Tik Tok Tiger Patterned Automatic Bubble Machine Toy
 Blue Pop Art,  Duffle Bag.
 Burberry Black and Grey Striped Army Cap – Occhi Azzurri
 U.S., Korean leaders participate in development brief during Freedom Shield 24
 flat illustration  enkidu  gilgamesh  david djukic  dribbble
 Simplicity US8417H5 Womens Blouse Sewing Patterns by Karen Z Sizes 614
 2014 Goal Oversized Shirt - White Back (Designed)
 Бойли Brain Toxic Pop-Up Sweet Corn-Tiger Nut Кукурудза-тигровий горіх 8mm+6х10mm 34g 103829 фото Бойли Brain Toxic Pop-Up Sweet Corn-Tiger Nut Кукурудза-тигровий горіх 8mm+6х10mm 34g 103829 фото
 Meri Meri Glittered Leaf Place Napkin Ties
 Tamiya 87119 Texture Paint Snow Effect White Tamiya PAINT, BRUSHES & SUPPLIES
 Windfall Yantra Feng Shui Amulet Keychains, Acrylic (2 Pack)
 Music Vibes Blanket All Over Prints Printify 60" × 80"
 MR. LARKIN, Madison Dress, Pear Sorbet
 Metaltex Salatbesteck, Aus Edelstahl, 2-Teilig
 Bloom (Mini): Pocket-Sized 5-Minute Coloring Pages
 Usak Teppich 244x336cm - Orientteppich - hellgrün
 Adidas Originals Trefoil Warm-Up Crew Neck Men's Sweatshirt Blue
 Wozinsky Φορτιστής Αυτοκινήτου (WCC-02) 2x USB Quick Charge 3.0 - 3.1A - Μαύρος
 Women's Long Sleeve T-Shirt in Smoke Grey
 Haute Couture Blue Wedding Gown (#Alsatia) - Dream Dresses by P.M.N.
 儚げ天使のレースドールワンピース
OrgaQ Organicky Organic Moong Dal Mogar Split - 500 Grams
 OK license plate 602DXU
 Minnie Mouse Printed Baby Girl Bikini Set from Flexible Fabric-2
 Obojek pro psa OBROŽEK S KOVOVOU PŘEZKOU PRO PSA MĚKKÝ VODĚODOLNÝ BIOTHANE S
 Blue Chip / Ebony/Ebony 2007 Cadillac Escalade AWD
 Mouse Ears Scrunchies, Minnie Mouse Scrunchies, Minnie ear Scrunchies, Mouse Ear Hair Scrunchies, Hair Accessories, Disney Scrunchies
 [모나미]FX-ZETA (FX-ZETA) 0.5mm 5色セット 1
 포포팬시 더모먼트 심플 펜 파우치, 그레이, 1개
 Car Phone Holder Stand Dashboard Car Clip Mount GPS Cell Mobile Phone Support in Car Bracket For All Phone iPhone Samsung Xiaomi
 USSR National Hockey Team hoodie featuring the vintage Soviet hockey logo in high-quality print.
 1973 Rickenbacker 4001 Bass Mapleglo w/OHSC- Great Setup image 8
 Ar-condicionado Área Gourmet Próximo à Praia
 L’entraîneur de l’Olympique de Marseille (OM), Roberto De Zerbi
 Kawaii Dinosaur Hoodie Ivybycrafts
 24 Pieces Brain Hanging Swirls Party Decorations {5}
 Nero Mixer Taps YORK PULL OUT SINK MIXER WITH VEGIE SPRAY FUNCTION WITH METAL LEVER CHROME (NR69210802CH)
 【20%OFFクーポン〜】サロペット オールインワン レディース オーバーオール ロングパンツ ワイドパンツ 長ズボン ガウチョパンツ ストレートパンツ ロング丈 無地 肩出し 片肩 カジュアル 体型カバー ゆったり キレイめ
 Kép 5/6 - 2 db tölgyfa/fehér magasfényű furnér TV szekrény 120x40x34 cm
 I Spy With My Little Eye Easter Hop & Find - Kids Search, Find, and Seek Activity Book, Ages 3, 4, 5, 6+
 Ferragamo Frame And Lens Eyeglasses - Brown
---+---
Please print exactly the lines from the one containing "L’entraîneur de l’Olympique" through the last line of the material.

*ANSWER TO THIS PROBLEM*.
 L’entraîneur de l’Olympique de Marseille (OM), Roberto De Zerbi
 Kawaii Dinosaur Hoodie Ivybycrafts
 24 Pieces Brain Hanging Swirls Party Decorations {5}
 Nero Mixer Taps YORK PULL OUT SINK MIXER WITH VEGIE SPRAY FUNCTION WITH METAL LEVER CHROME (NR69210802CH)
 【20%OFFクーポン〜】サロペット オールインワン レディース オーバーオール ロングパンツ ワイドパンツ 長ズボン ガウチョパンツ ストレートパンツ ロング丈 無地 肩出し 片肩 カジュアル 体型カバー ゆったり キレイめ
 Kép 5/6 - 2 db tölgyfa/fehér magasfényű furnér TV szekrény 120x40x34 cm
 I Spy With My Little Eye Easter Hop & Find - Kids Search, Find, and Seek Activity Book, Ages 3, 4, 5, 6+
 Ferragamo Frame And Lens Eyeglasses - Brown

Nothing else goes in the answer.